Once the line holding "389 Shalom Rd, Waynesboro, VA" is found, output it and all remaining lines of the data exactly, with every picture left out.

*** DATA FOR PROCESSING Section Begins ***

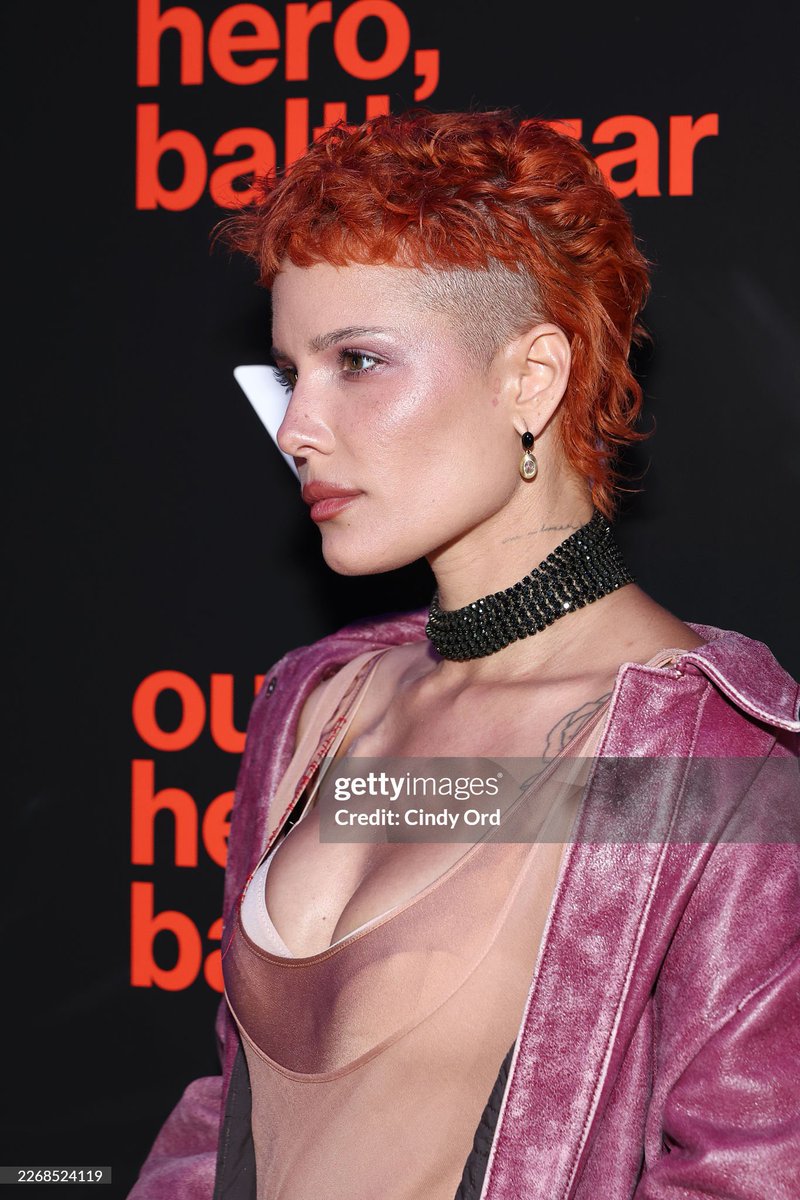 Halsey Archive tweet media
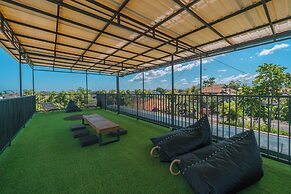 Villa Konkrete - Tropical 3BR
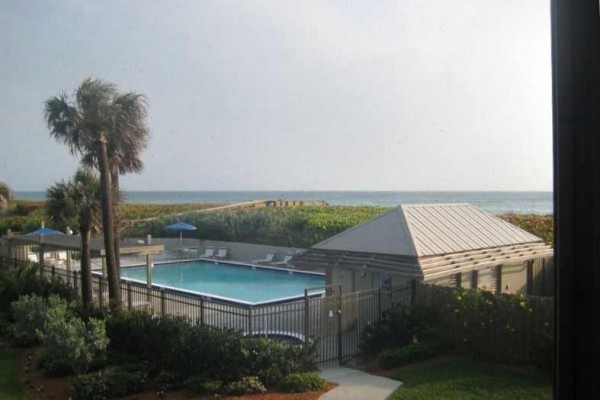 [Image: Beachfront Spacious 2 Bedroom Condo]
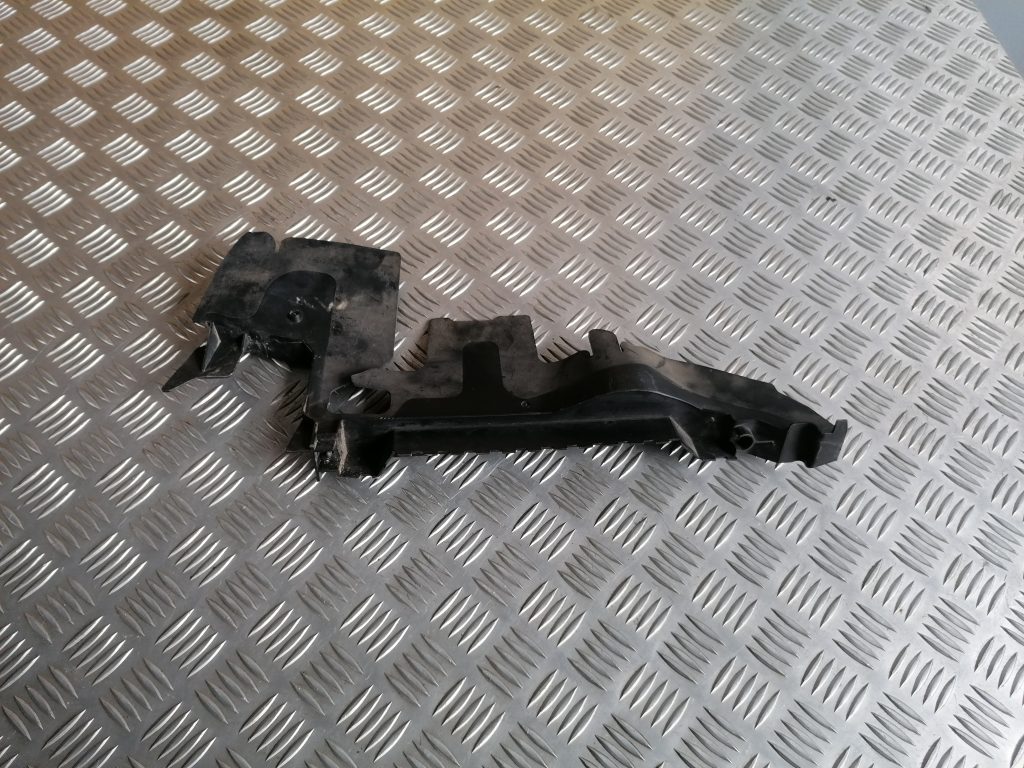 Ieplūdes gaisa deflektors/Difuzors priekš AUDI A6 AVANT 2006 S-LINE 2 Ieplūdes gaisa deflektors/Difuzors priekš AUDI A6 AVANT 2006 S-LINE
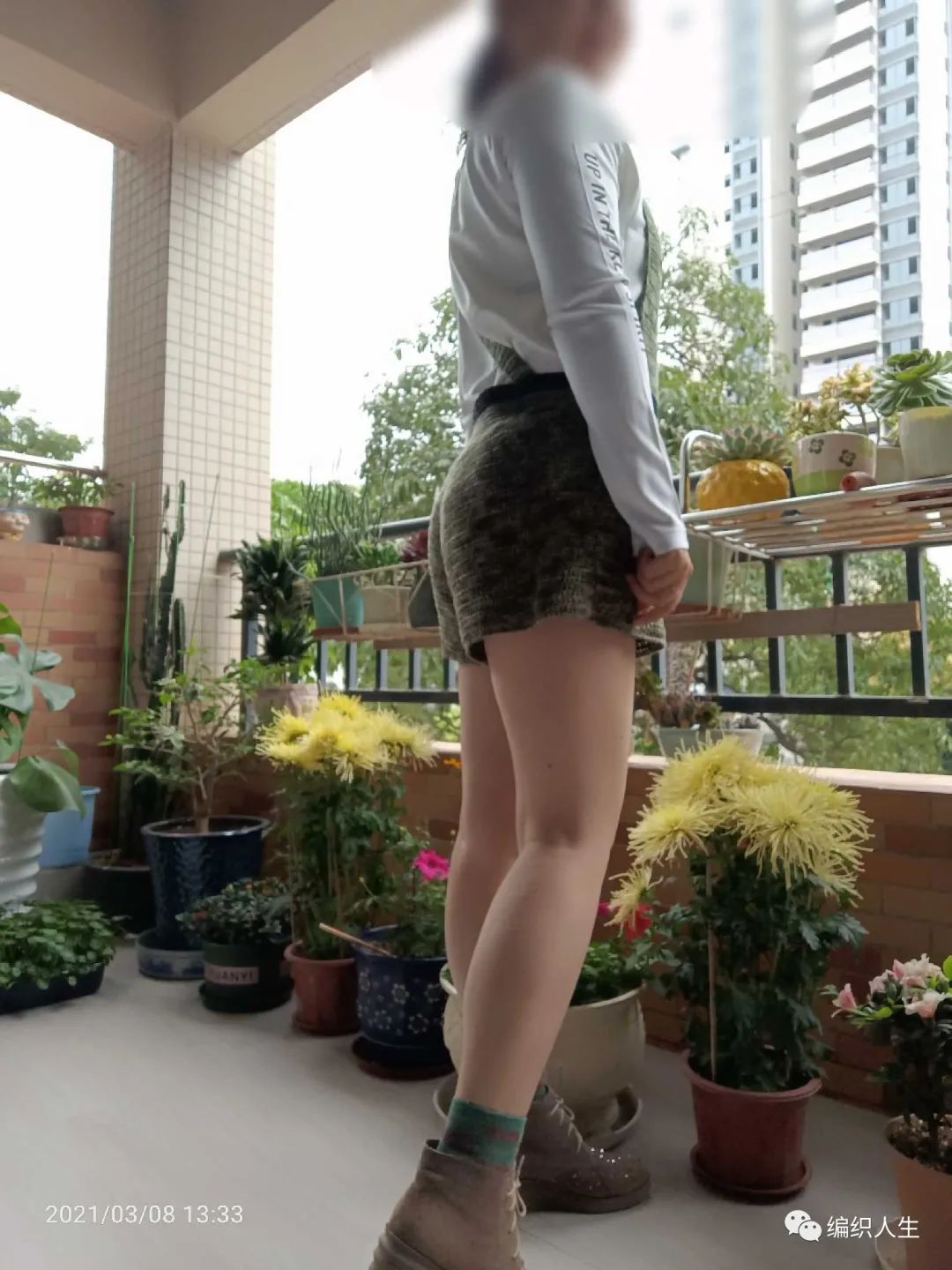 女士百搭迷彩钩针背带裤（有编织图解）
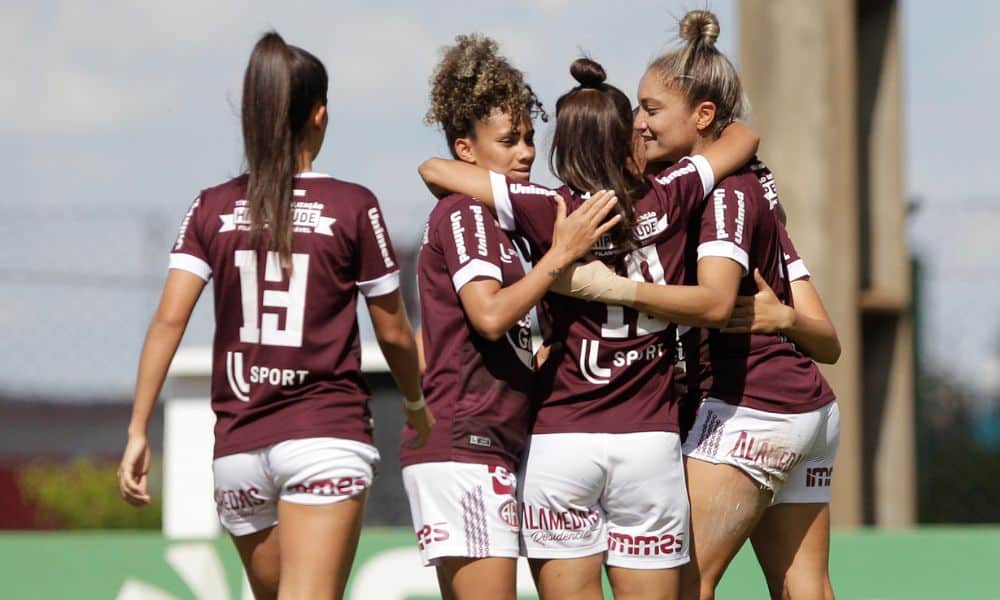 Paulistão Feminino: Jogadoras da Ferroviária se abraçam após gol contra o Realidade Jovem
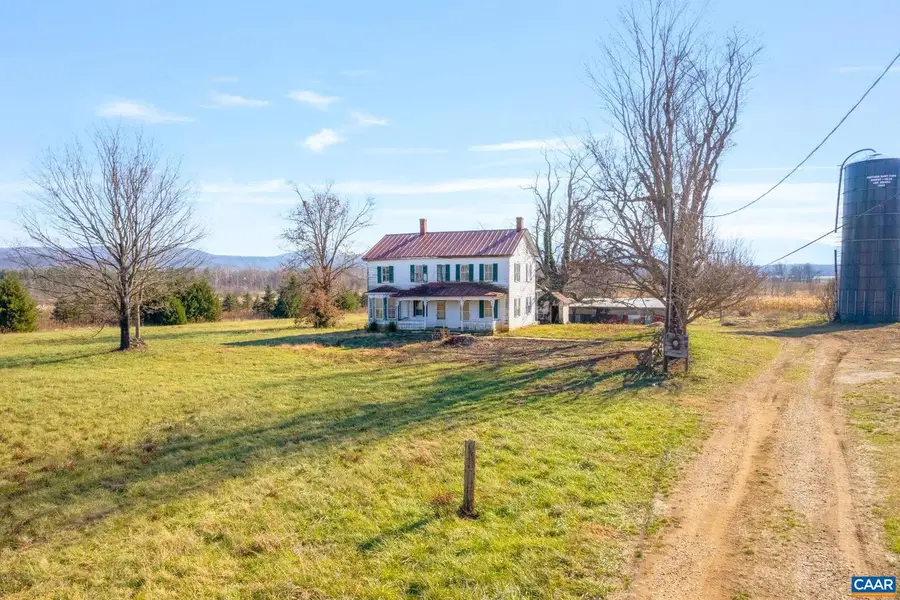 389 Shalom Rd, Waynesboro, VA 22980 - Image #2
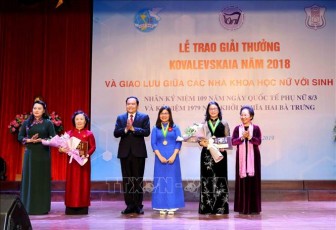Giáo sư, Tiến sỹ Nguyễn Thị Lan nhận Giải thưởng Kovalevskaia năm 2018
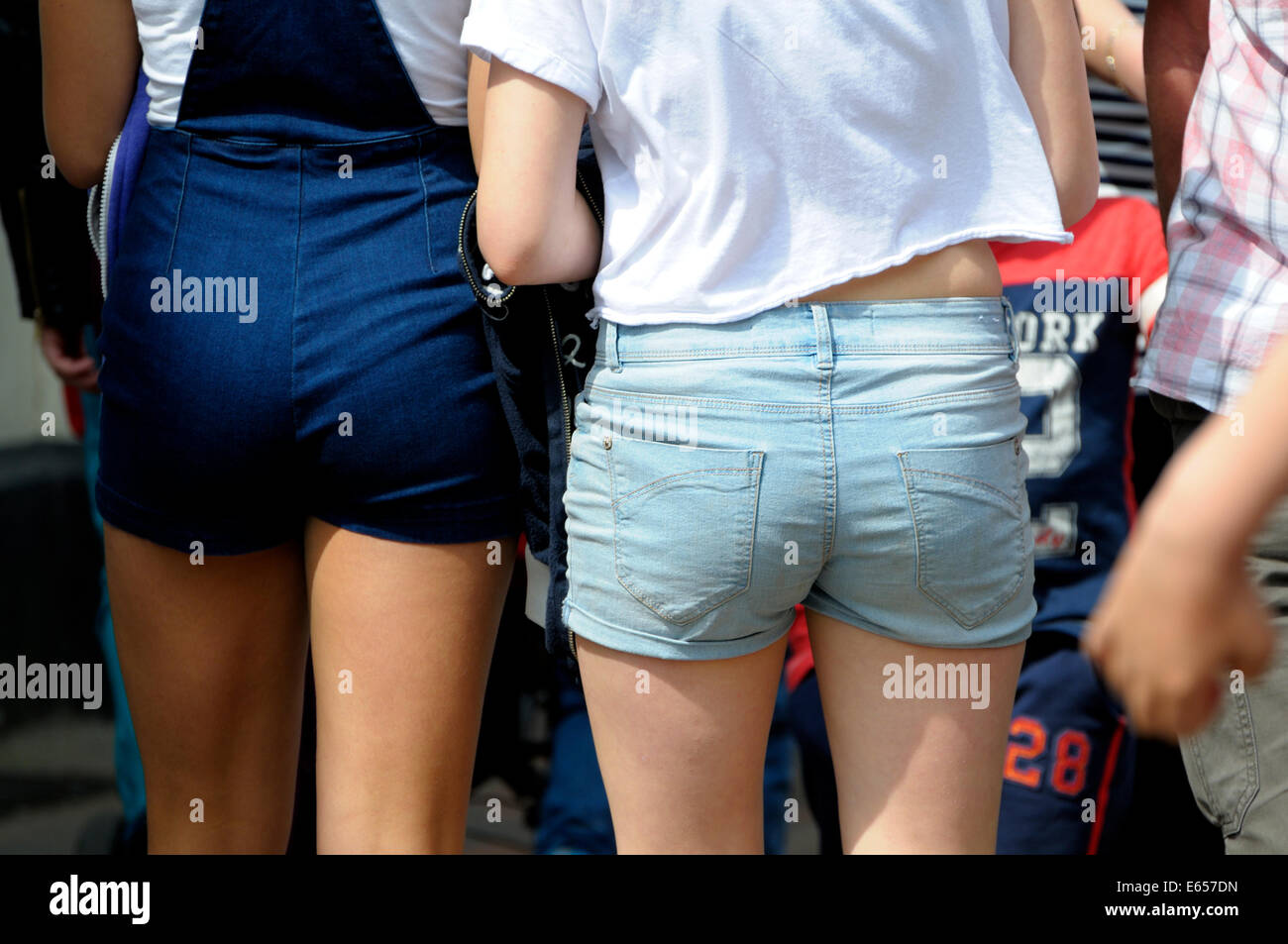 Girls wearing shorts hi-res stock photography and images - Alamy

*** DATA FOR PROCESSING Section Ends ***

EXERCISE ANSWER
 389 Shalom Rd, Waynesboro, VA 22980 - Image #2
Giáo sư, Tiến sỹ Nguyễn Thị Lan nhận Giải thưởng Kovalevskaia năm 2018
 Girls wearing shorts hi-res stock photography and images - Alamy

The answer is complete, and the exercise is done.